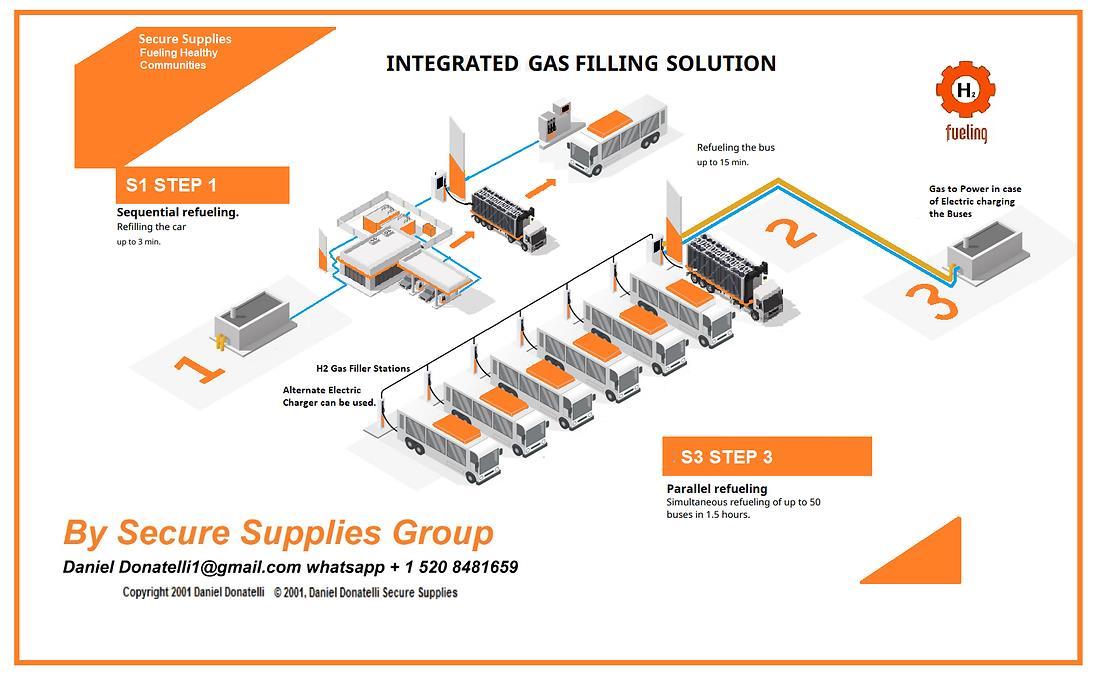 Fleet Fueling Electric Fuel Cell Secure Supplies by SecureSupplies Issuu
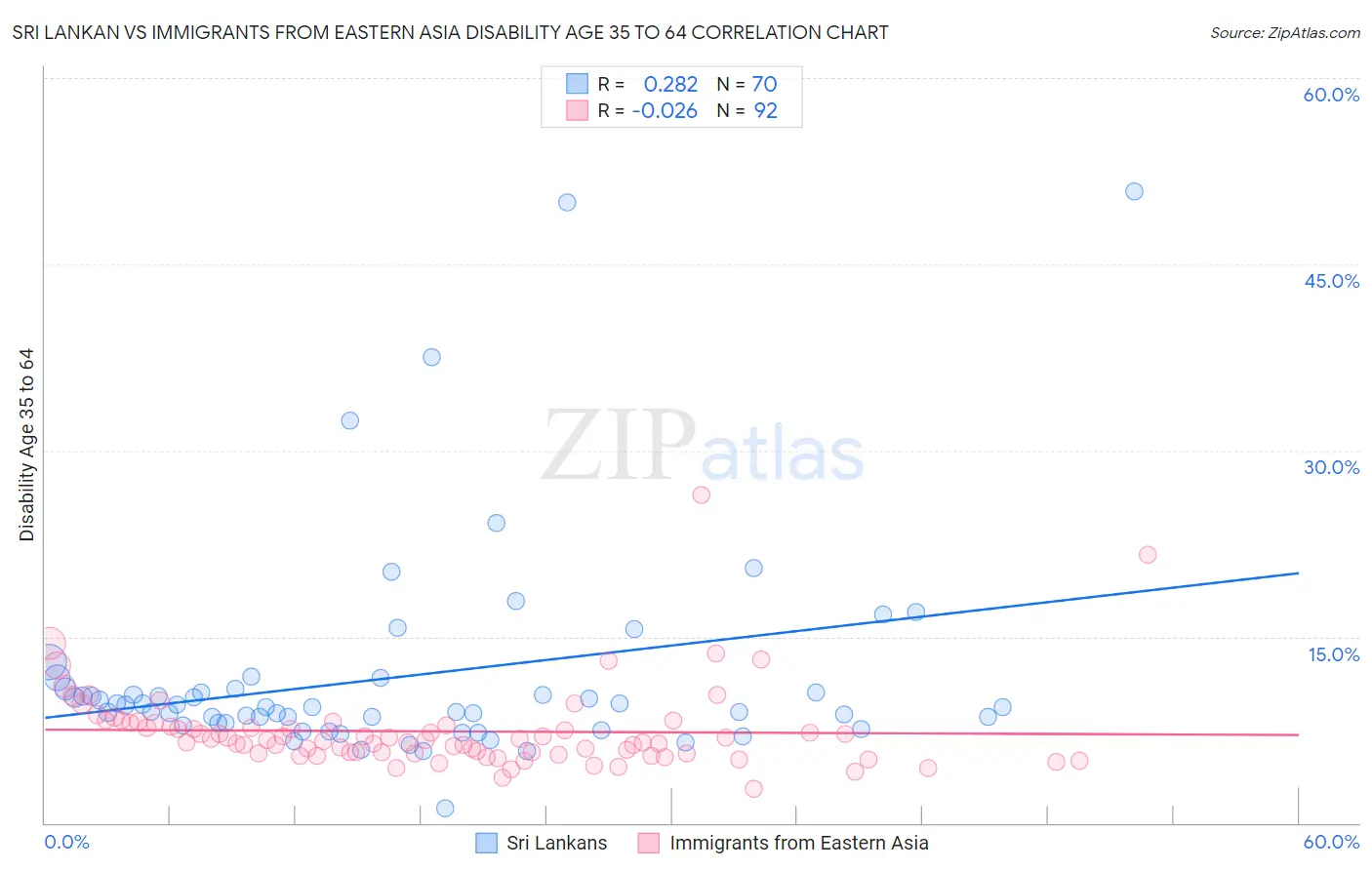 Sri Lankan vs Immigrants from Eastern Asia Disability Age 35 to 64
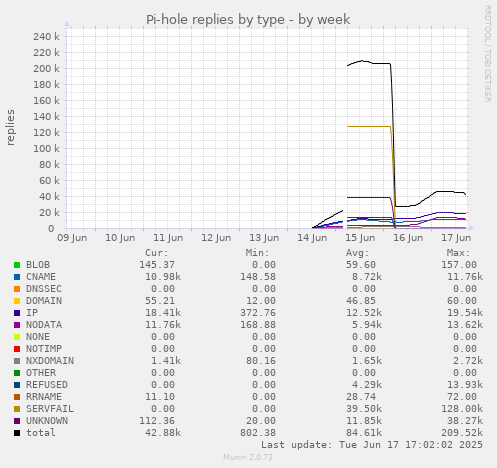 Pi-hole replies by type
════
## Your task
The copy must match the listing above exactly, except that it holds no pictures.

## Result of the exercise
 Fleet Fueling Electric Fuel Cell Secure Supplies by SecureSupplies Issuu
 Sri Lankan vs Immigrants from Eastern Asia Disability Age 35 to 64
 Pi-hole replies by type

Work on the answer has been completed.